Reported net trading income of US$7.1bn was
US$585m higher than in 2011. On a constant
currency basis, net trading income rose by
US$849m, driven by lower adverse fair value
movements on non-qualifying hedges. Net income
from trading activities rose in GB&M, but this was
more than offset by lower net interest income on
trading activities and adverse fair value movements
on the contingent forward sale contract relating to
Ping An.
There were lower adverse fair value
movements on non-qualifying hedges. These hedges
are derivatives entered into as part of a documented
interest rate management strategy for which hedge
accounting was not, nor could be, applied. They are
principally cross-currency and interest rate swaps
used to economically hedge fixed rate debt issued
by HSBC Holdings and floating rate debt issued by
HSBC Finance Corporation (‘HSBC Finance’). The
size and direction of the changes in the fair value of
non-qualifying hedges that are recognised in the
income statement can be volatile from year-to-year,
but do not alter the cash flows expected as part of the
documented interest rate management strategy for
both the instruments and the underlying
economically hedged assets and liabilities if the
derivative is held to maturity. In North America,
there were lower adverse fair value movements on
non-qualifying hedges as US long-term interest rates
declined to a lesser extent than in 2011. There were
also lower adverse fair value movements on non-
qualifying hedges in Europe. This was driven by
favourable fair value movements in HSBC Holdings,
compared with adverse fair value movements in
2011, reflecting the less pronounced decline in long-
term US interest rates relative to sterling and euro
interest rates compared with 2011. This was partly
offset by adverse movements in European operating
entities as interest rates fell.
During 2012, HSBC Finance terminated
approximately US$3.0bn of non-qualifying hedges.
A further US$2.4bn of non-qualifying hedges were
terminated in January 2013 to better align our hedges
with the overall interest rate position in HSBC
Finance.
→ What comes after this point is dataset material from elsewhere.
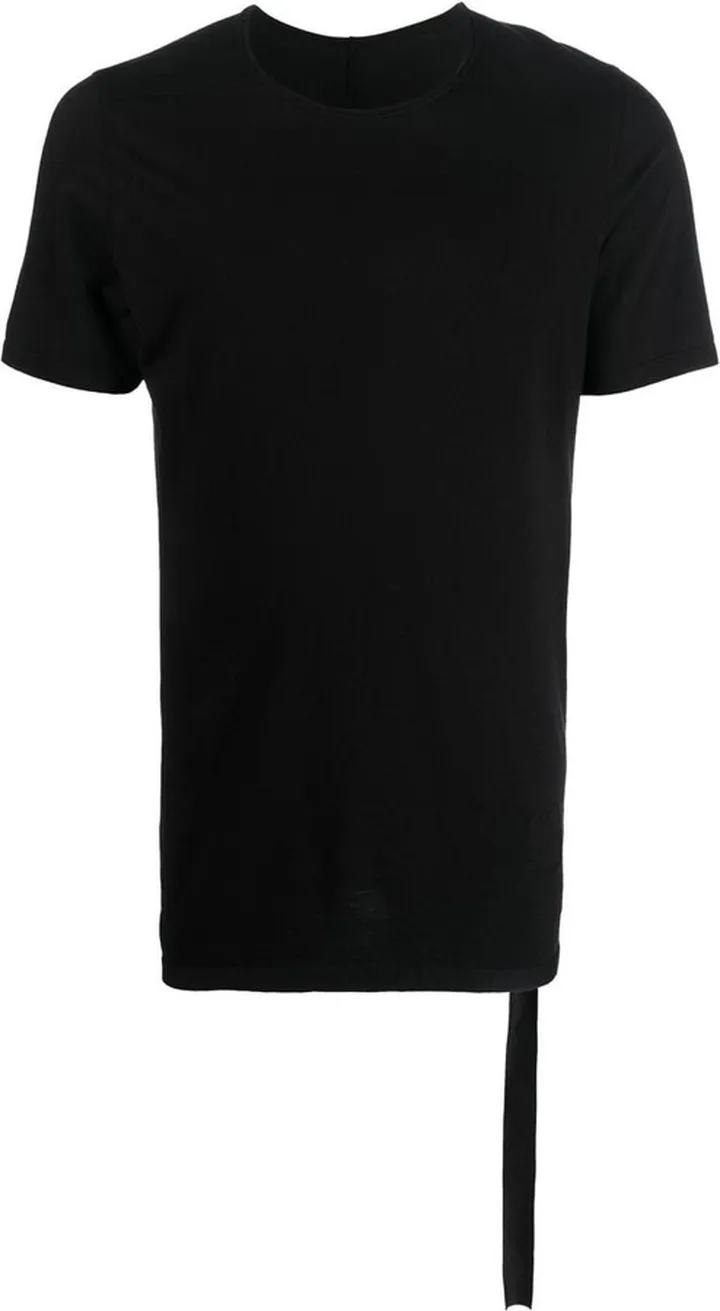 Level solid-color T-shirt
The losses on these economic hedges
reported in previous years were therefore crystallised.
Net income from trading activities increased
compared with 2011, driven by a strong performance
in GB&M. This was after taking into account a net
charge of US$385m in the fourth quarter of 2012 as
a result of a change in estimation methodology in
respect of credit valuation adjustments on derivative
assets and debit valuation adjustments on derivative
liabilities to reflect evolving market practices (see
page 441).
Rates revenue was significantly higher, notably
in Europe, as spreads on government debt securities
tightened and investor sentiment improved following
stimuli by central banks. This was despite significant
adverse fair value movements due to own credit
spreads on structured liabilities as spreads tightened,
compared with a gain reported in 2011, together with
a credit valuation adjustment charge of US$837m.
The improvement in market sentiment also led to
tighter spreads on corporate debt securities, resulting
in strong growth in Credit revenue. Foreign
Exchange revenue was broadly in line with 2011, as
higher income resulting from enhanced collaboration
between GB&M and CMB, and increased volumes
from improvements in our electronic pricing and
distribution capabilities, offset the effect of less
volatile markets in 2012. These favourable
movements were partly offset by a reduction in
Equities trading revenue, reflecting a decline in
market volumes together with adverse fair value
movements on structured liabilities as own credit
spreads tightened in 2012, compared with favourable
movements in 2011.
These factors were partly offset by
unfavourable fair value movements on assets held as
economic hedges of foreign currency debt at fair
value compared with favourable movements in 2011,
due to movements in the underlying currencies.